Yifei Li's Website

Yifei Li

MSCS @ UBC | Vancouver, BC

Boyer–Moore majority vote algorithm is an algorithm that is used to detect the majority elements in an array. In this post, I’ll explain its application in the majority element problem and a more general case.

Majority element

Given an array nums of size n, return the majority element. The majority element is the element that appears more than ⌊n / 2⌋ times. You may assume that the majority element always exists in the array.

(from Leetcode 169)

We can think of the elements as multiple parties against each other. Each element can cancel out one element that is different from itself. Since major element will always out-number the non-major ones (by problem’s definition). We know that if we keep track of the number of elements that have’t been canceled out, the final answer after we traverse all array is the major element.

We can use two variables to help with the process: majority and count. For each element $a$ we visit,

if a==majority, we increment the count by 1.
if a!=majority and count==0, we change majority to be $a$ and increment count by 1. This means that all the elements we’ve visited have cancelled each other.
if a!=majority and count!=0, we decrement count by 1. The final value stored in majority is the majority element we want to return. The time complexity is O(n) and space complexity is O(1).

Example

Given an array [7, 5, 5, 7, 3, 7, 7], the result should be 7.

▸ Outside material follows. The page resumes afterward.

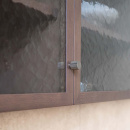 Bouton Helix Stripe - Fini Acier Inoxydable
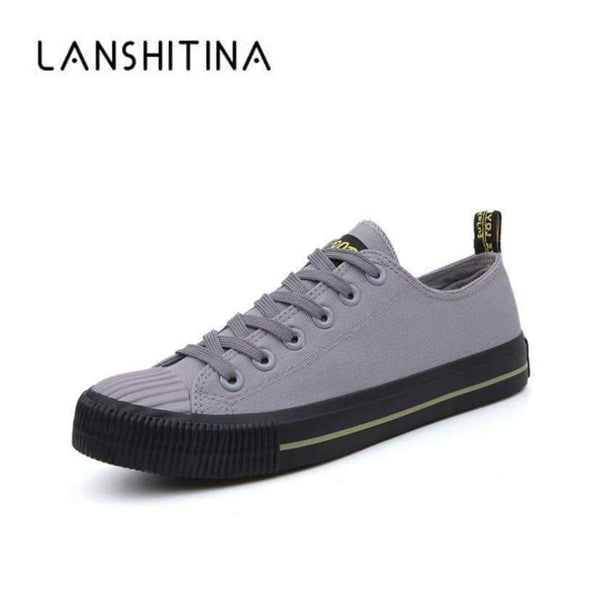 Planet Gates 2018 Summer Fashion Men's Vulcanize Shoes Black White Men's Flat Shoes Spring Man Lace up Breathable Canvas Shoes Zapatos Shoes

array:       [7, 5, 5, 7, 3, 7, 7]
majority:     7, 7, 5, 5, 3, 3, 7
count:        1, 0, 1, 0, 1, 0, 1

Python3 implementation

def majority_element(A:List[int]) -> int :
    majority = A[0]
    count = 0

    for a in A:
        if a == majority:
            count += 1
        else:
            if count == 0:
                majority = a
                count += 1
            else:
                count -= 1

    return majority

Heavy hitter problem

You are reading a sequence of numbers. You are allowed to read the sequence twice. Devise an algorithm that uses O(k) memory to identify the words that occur more than $n/k$ times, where n is the length of the sequence.

(From EPI 24.31)

Explanation

The gerneralized algorithm for this problem is a bit unituitive. Here’s an excellent ⭐explanation from Stackexchange.

Example

An example of this algorithm is: given an array [1, 5, 3, 1, 1, 5, 3, 3, 3, 1, 4]. The steps are as follows: heavy-hitter-steps

After visiting all 11 elements, all three blocks are filled and 4 elements are in the trash section. The second pass is crucial because we can only guarantee that the elements stored in the blocks appear more than n/(k+1) times instead of n/k times. Therefore, in the second pass, we need to count the actual occurrence of the elements in the blocks and filter out the elements that fails to meet the n/k requirements.

Naturally, we can use a hashmap to store the visited elements and their counts in the blocks. And we don’t need to keep track of the trash since these elements won’t be used in the final result.

The time complexity is still O(n) and space complexity is related to the size of k so it’s O(k).

Python3 implementation

def heavy_hitter(A:List[int], k:int) -> List[int]: 
    buckets = {}
    n = len(A)

    for a in A:
        if len(buckets)==k:
            if a in buckets:
                buckets[a] += 1
            else:
            # if buckets are full and a is not in the buckets
            # we want to remove one element from every bucket
                for b in buckets:
                    buckets[b] -= 1
        else:
            buckets[a] = 1 + buckets.get(a, 0)
        # remove all entries where value ==0
        buckets = dict((k,v) for k,v in buckets.items() if v>0)

    # reset count in buckets
    for b in buckets:
        buckets[b] = 0

    # update actual counts for elements in buckets
    for a in A:
        if a in buckets:
            buckets[a] += 1
    
    return [e for e, c in buckets.items() if c>(n/k)]